── Data records

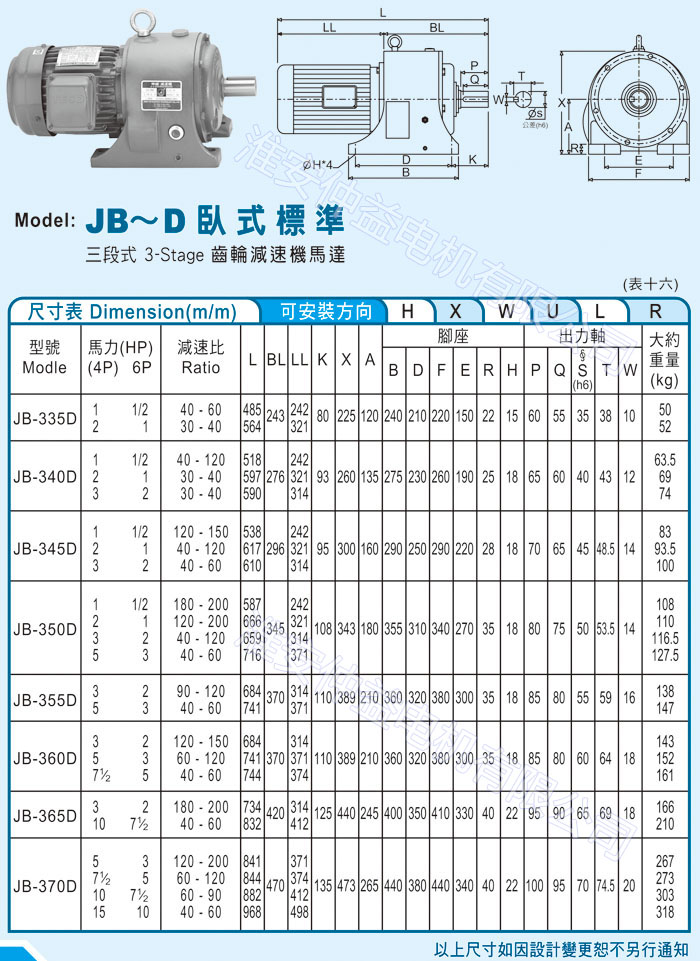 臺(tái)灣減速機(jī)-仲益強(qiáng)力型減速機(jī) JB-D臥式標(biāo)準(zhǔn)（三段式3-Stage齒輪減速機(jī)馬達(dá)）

────
── Data records

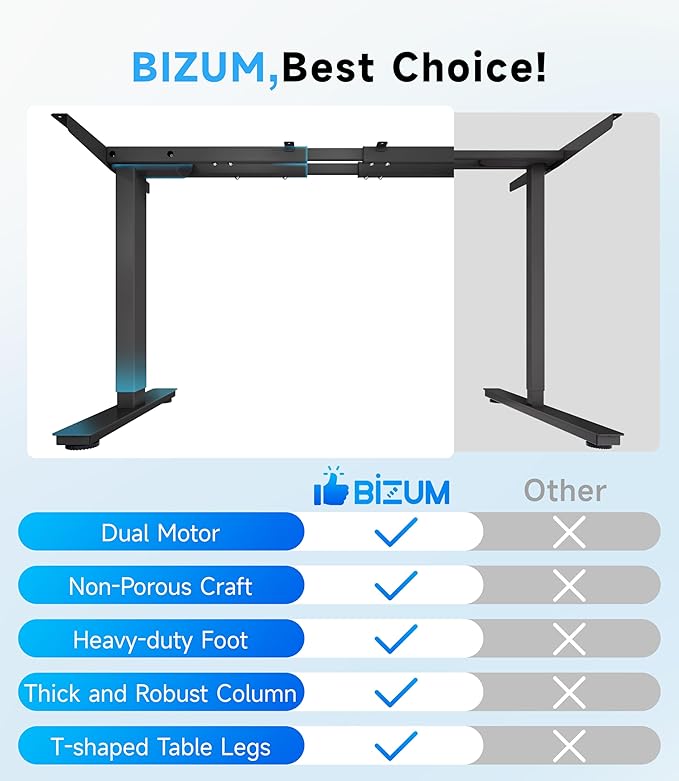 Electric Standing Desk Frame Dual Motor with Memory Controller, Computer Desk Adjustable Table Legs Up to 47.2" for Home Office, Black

────
── Data records

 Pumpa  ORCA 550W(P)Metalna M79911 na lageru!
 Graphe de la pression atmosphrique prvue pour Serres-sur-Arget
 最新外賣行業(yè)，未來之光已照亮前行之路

────

Beginning at the line above with "Graphe de la" and finishing at the line with "最新外賣行業(yè)，未來之光已照亮前行之路", return each line exactly and return nothing else.

-- Result --
 Graphe de la pression atmosphrique prvue pour Serres-sur-Arget
 最新外賣行業(yè)，未來之光已照亮前行之路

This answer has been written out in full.